• Your objective: Could you set down only the lines from the one including "泰國醫(yī)院試管成功率高不高" to the end of the records below, inclusive and exact, leaving pictures out?

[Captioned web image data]
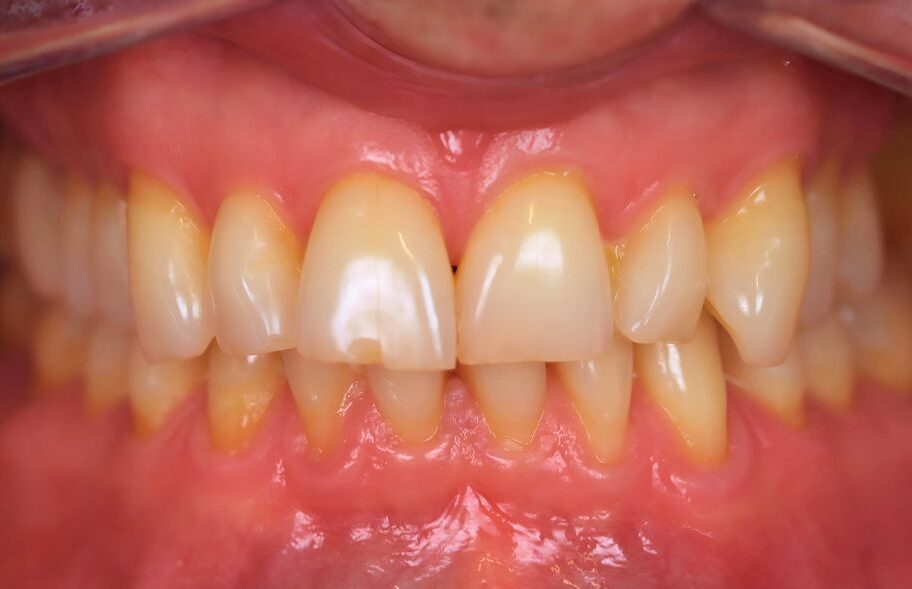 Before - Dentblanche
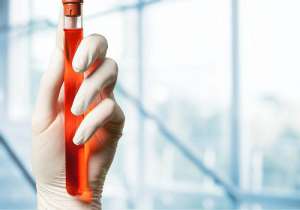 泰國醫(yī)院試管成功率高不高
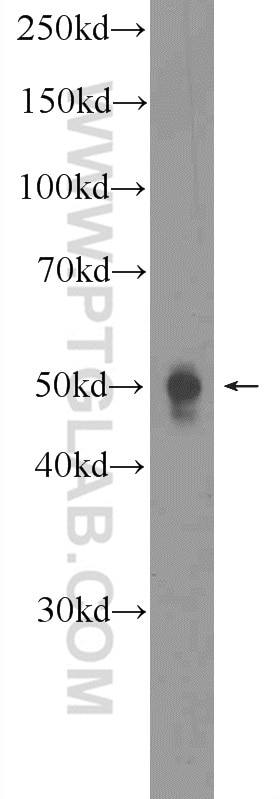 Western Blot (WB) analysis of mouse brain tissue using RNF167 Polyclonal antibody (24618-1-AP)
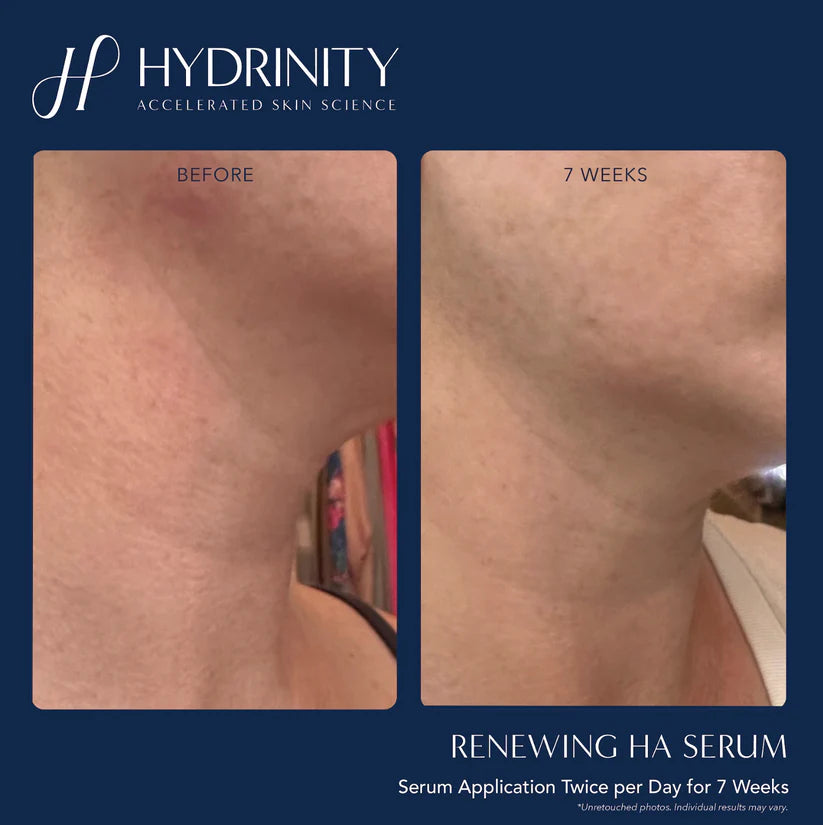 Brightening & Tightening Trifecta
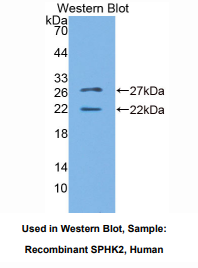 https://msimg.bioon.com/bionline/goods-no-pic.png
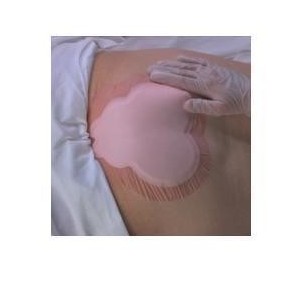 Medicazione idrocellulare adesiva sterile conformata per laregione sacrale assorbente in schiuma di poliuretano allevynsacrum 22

• Response to the exercise:
 泰國醫(yī)院試管成功率高不高
 Western Blot (WB) analysis of mouse brain tissue using RNF167 Polyclonal antibody (24618-1-AP)
 Brightening & Tightening Trifecta
 https://msimg.bioon.com/bionline/goods-no-pic.png
 Medicazione idrocellulare adesiva sterile conformata per laregione sacrale assorbente in schiuma di poliuretano allevynsacrum 22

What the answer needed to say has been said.